**THE PROBLEM**: The answer is the exact text of every line from the one that contains "Equipment Femme White" to the final line of the entries below, with pictures left out.
-- RECORDS FOR PROCESSING follows --
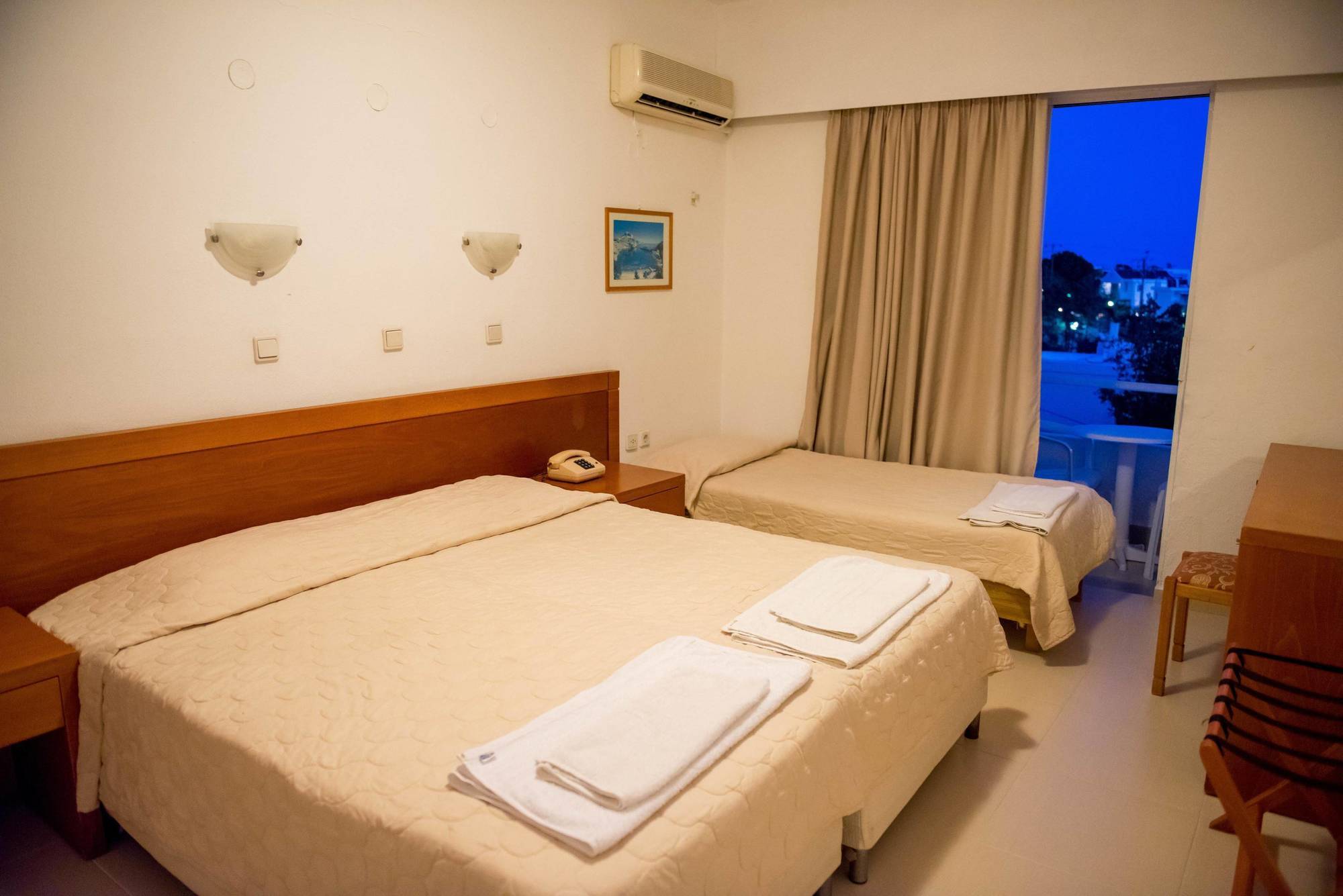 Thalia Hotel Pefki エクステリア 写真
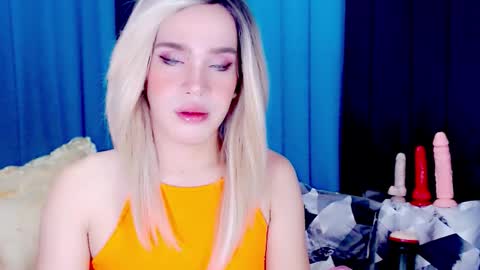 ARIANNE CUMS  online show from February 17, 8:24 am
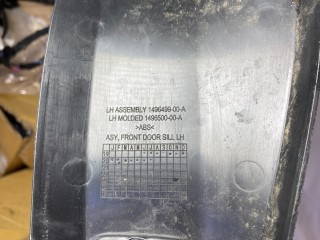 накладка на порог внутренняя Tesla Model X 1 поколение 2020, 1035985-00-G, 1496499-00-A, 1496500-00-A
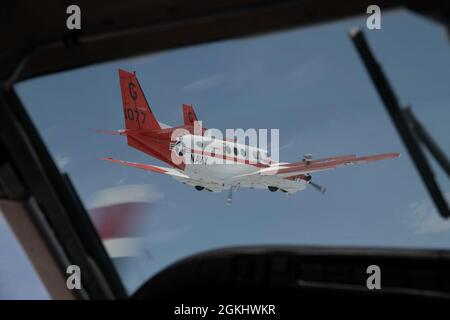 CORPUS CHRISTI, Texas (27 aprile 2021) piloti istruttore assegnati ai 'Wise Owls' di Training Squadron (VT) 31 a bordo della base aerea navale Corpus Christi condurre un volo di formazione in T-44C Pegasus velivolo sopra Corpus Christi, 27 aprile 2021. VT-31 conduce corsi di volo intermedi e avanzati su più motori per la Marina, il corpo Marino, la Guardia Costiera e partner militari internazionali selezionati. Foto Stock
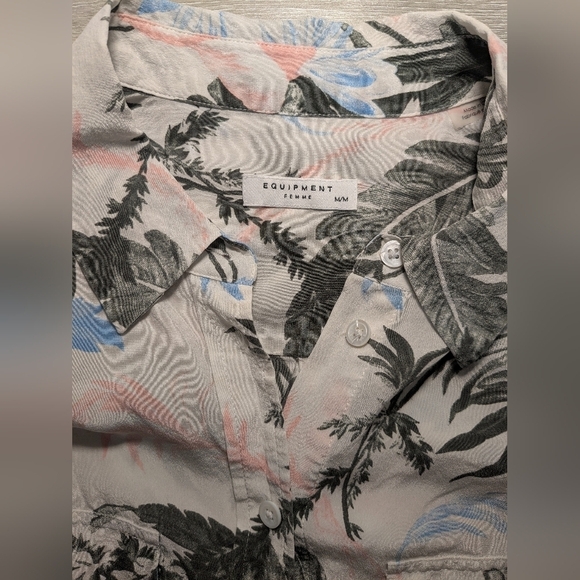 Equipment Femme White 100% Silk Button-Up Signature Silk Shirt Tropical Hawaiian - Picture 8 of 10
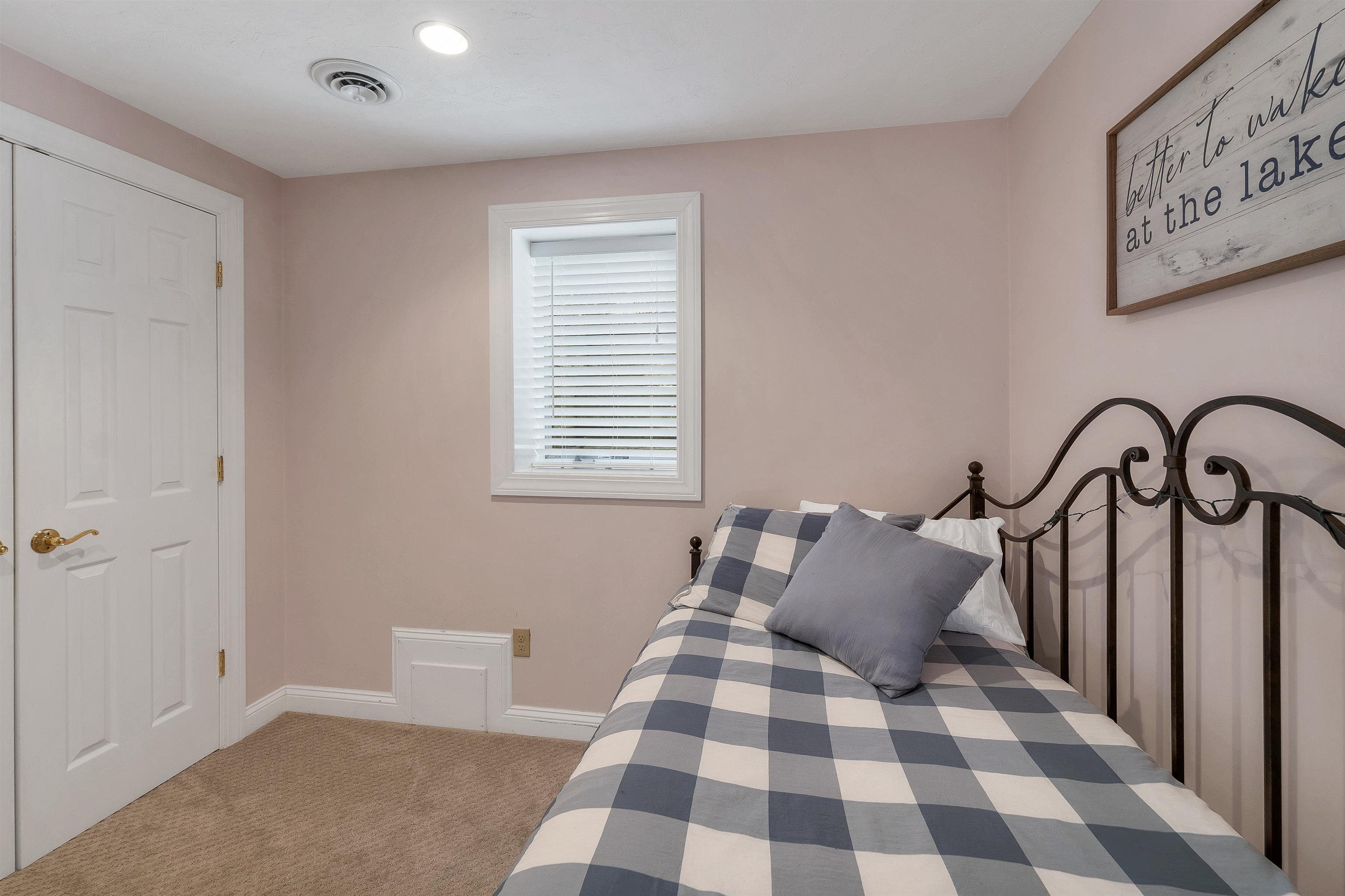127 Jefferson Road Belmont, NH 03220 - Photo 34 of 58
-- RECORDS FOR PROCESSING concluded --
**TASK RESULT**:
 Equipment Femme White 100% Silk Button-Up Signature Silk Shirt Tropical Hawaiian - Picture 8 of 10
127 Jefferson Road Belmont, NH 03220 - Photo 34 of 58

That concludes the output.